Study material =
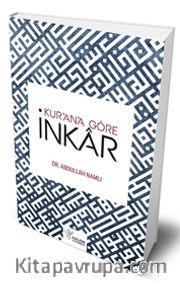 Kur’an’ Göre İnkar
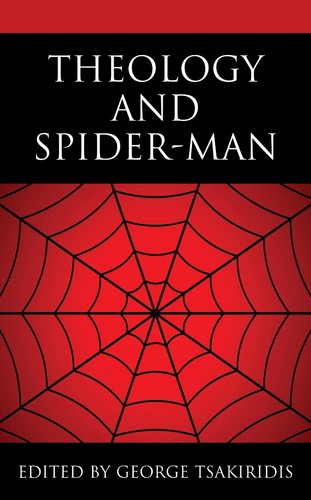 Theology and spider man - and, spider-man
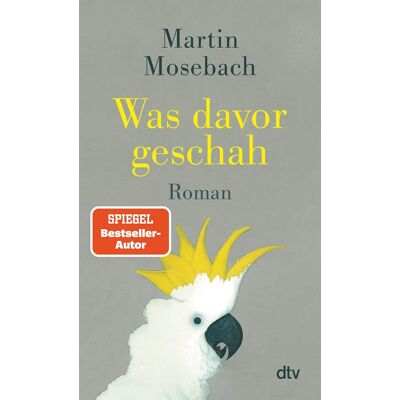 Martin Mosebach Was Davor Geschah: Roman - Publicité Martin Mosebach Was Davor Geschah: Roman - Publicité
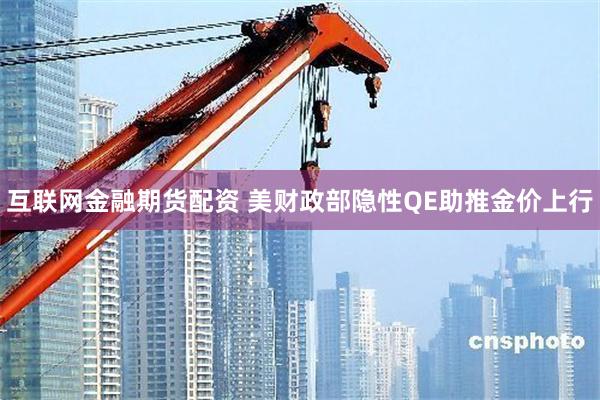 互联网金融期货配资 美财政部隐性QE助推金价上行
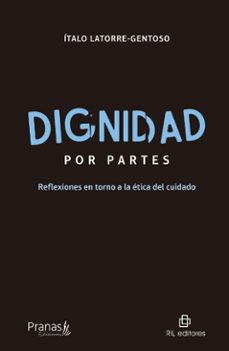 dignidad por partes. reflexiones en torno a la etica del cuidado (ebook)-ítalo latorre-gentoso-9789560116123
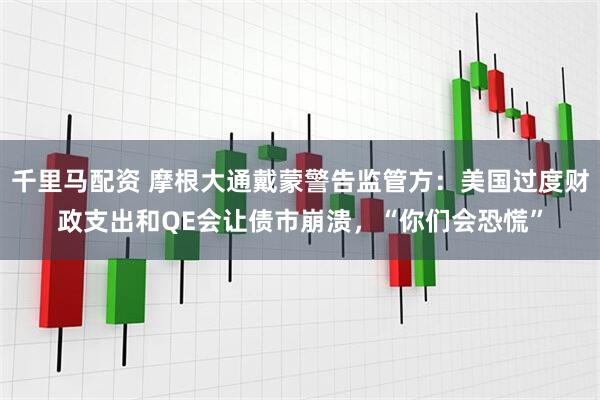 千里马配资 摩根大通戴蒙警告监管方：美国过度财政支出和QE会让债市崩溃，“你们会恐慌”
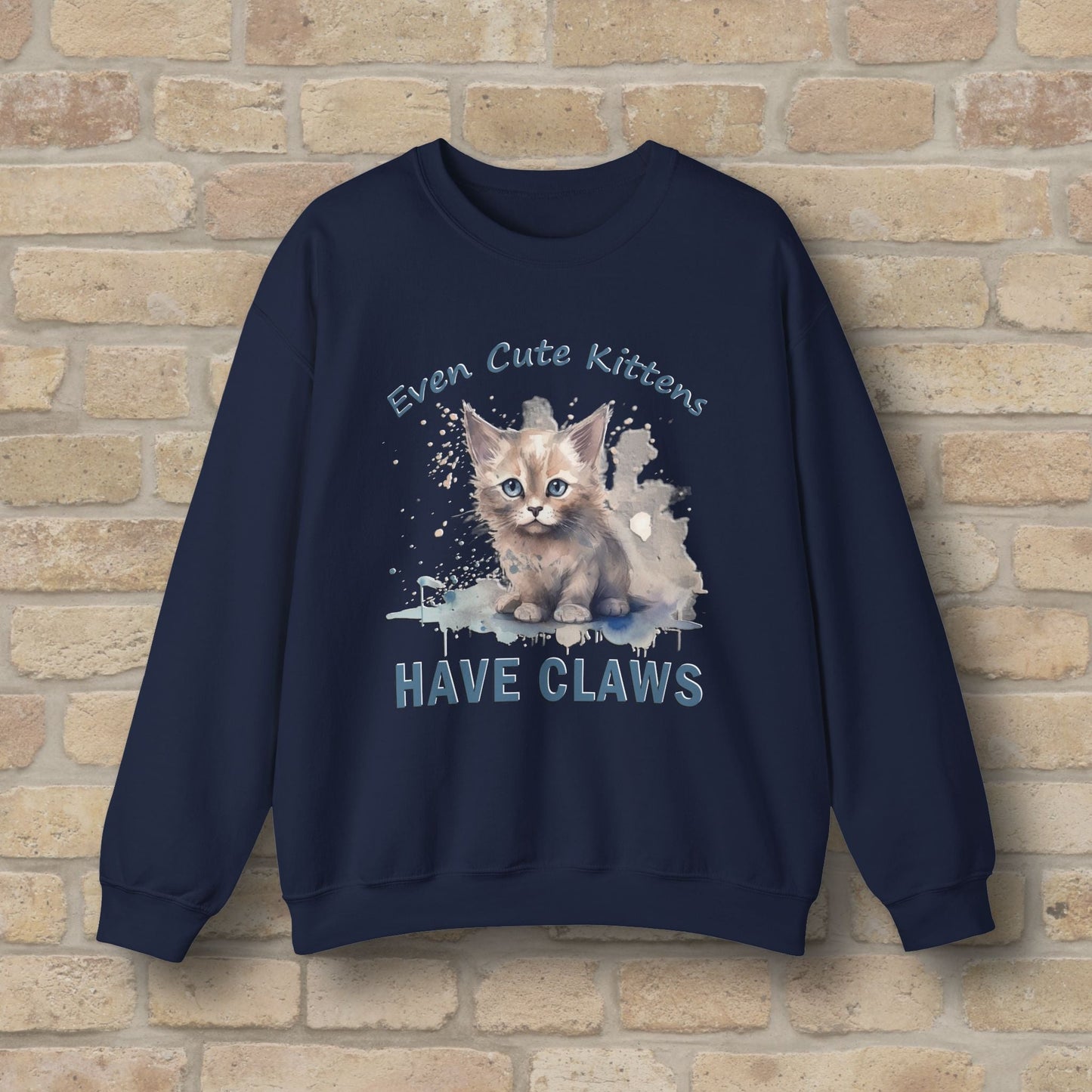 Graphic & Text Even Cute Kittens Have Claws Sweatshirt - Vibrant Styles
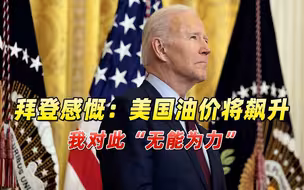 拜登感慨禁购俄石油后，美国油价将飙升，我对此无能为力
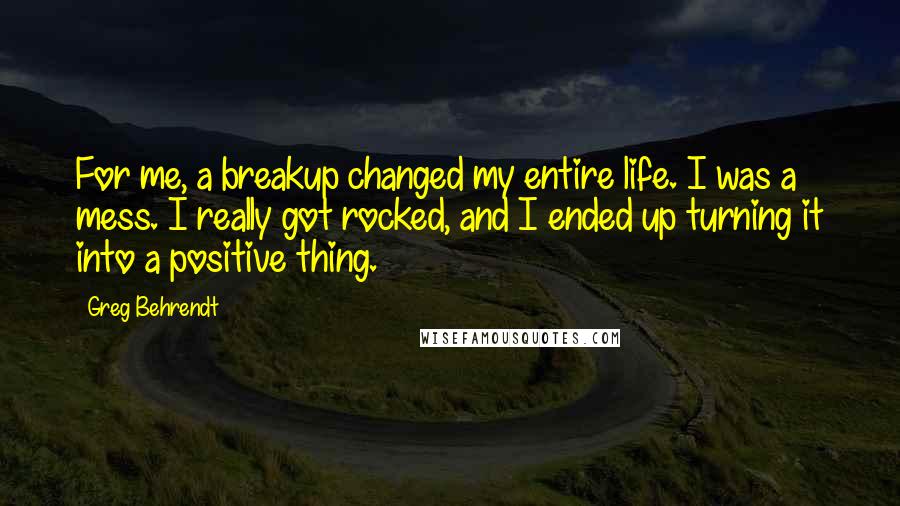 Greg Behrendt Quotes: For me, a breakup changed my entire life. I was a mess. I really got rocked, and I ended up turning it into a positive thing.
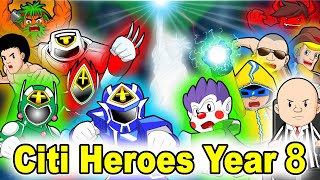 Citi Heroes Year 8 [upl. by Yelad619]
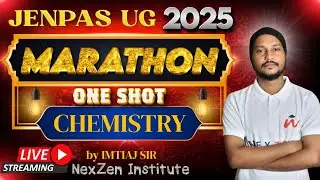Chemistry Marathon | Part-1 | JENPAS UG 2025 | #nexzeninstitute #jenpasug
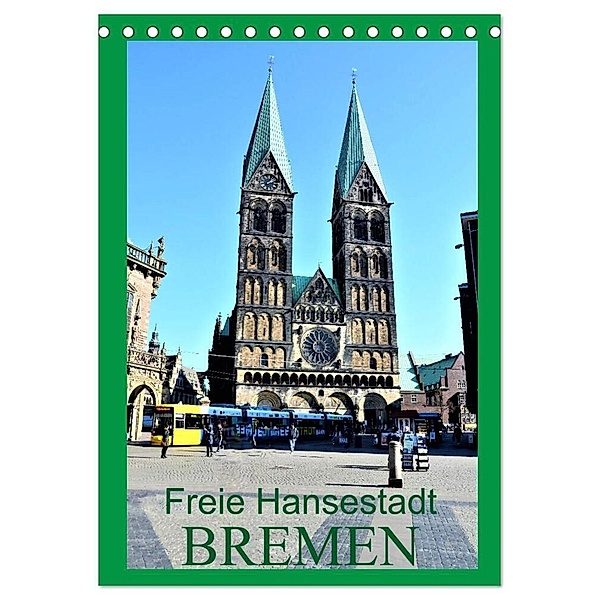 Freie Hansestadt BREMEN (Tischkalender 2024 DIN A5 hoch), CALVENDO Monatskalender, Günther Klünder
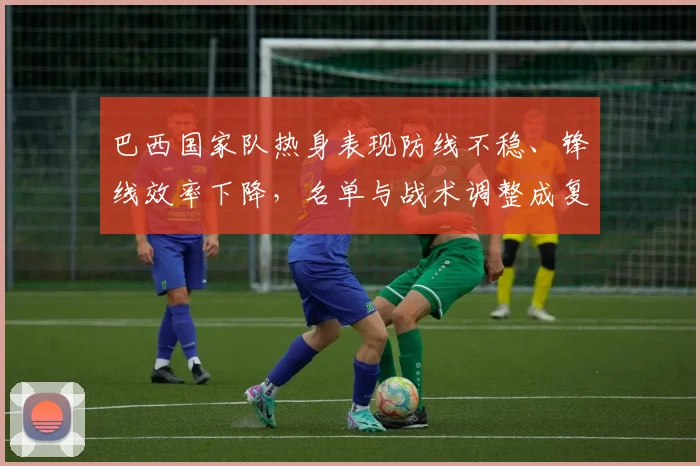 巴西国家队热身表现防线不稳、锋线效率下降，名单与战术调整成复苏关键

Instructions for the task = Excluding the pictures, retype the line containing "Theology and spider man - and, spider-man" and all lines after it down to the end of the data above.

Response =
 Theology and spider man - and, spider-man
 Martin Mosebach Was Davor Geschah: Roman - Publicité Martin Mosebach Was Davor Geschah: Roman - Publicité
 互联网金融期货配资 美财政部隐性QE助推金价上行
 dignidad por partes. reflexiones en torno a la etica del cuidado (ebook)-ítalo latorre-gentoso-9789560116123
 千里马配资 摩根大通戴蒙警告监管方：美国过度财政支出和QE会让债市崩溃，“你们会恐慌”
 Graphic & Text Even Cute Kittens Have Claws Sweatshirt - Vibrant Styles
 拜登感慨禁购俄石油后，美国油价将飙升，我对此无能为力
 Greg Behrendt Quotes: For me, a breakup changed my entire life. I was a mess. I really got rocked, and I ended up turning it into a positive thing.
 Citi Heroes Year 8 [upl. by Yelad619]
Chemistry Marathon | Part-1 | JENPAS UG 2025 | #nexzeninstitute #jenpasug
 Freie Hansestadt BREMEN (Tischkalender 2024 DIN A5 hoch), CALVENDO Monatskalender, Günther Klünder
 巴西国家队热身表现防线不稳、锋线效率下降，名单与战术调整成复苏关键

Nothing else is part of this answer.